----- Material provided

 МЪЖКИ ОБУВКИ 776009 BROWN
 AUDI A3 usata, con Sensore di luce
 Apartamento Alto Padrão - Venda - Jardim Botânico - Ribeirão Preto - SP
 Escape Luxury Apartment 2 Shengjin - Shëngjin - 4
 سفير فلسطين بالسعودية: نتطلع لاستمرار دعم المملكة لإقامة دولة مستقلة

----------

* Exercise details
Transcribe, word for word, every line from the one containing "AUDI A3 usata, con Sensore di luce" through the final line of the entries, and nothing else.

* Answer to this exercise
 AUDI A3 usata, con Sensore di luce
 Apartamento Alto Padrão - Venda - Jardim Botânico - Ribeirão Preto - SP
 Escape Luxury Apartment 2 Shengjin - Shëngjin - 4
 سفير فلسطين بالسعودية: نتطلع لاستمرار دعم المملكة لإقامة دولة مستقلة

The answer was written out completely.